» Your task: Output exactly the lines below, starting with the line that has "Round twist earrings 4.7*29.5mm" and going on through the line that has "модульна картина Силует", both included, and no other lines.

» Task data:
______

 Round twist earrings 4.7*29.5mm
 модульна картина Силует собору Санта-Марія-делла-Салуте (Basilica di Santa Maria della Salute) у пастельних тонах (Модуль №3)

______

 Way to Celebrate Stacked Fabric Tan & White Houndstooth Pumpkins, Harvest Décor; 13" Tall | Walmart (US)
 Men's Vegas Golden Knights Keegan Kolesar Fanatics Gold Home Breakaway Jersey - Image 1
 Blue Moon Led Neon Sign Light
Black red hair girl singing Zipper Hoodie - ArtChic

______

» Result:
 Round twist earrings 4.7*29.5mm
 модульна картина Силует собору Санта-Марія-делла-Салуте (Basilica di Santa Maria della Salute) у пастельних тонах (Модуль №3)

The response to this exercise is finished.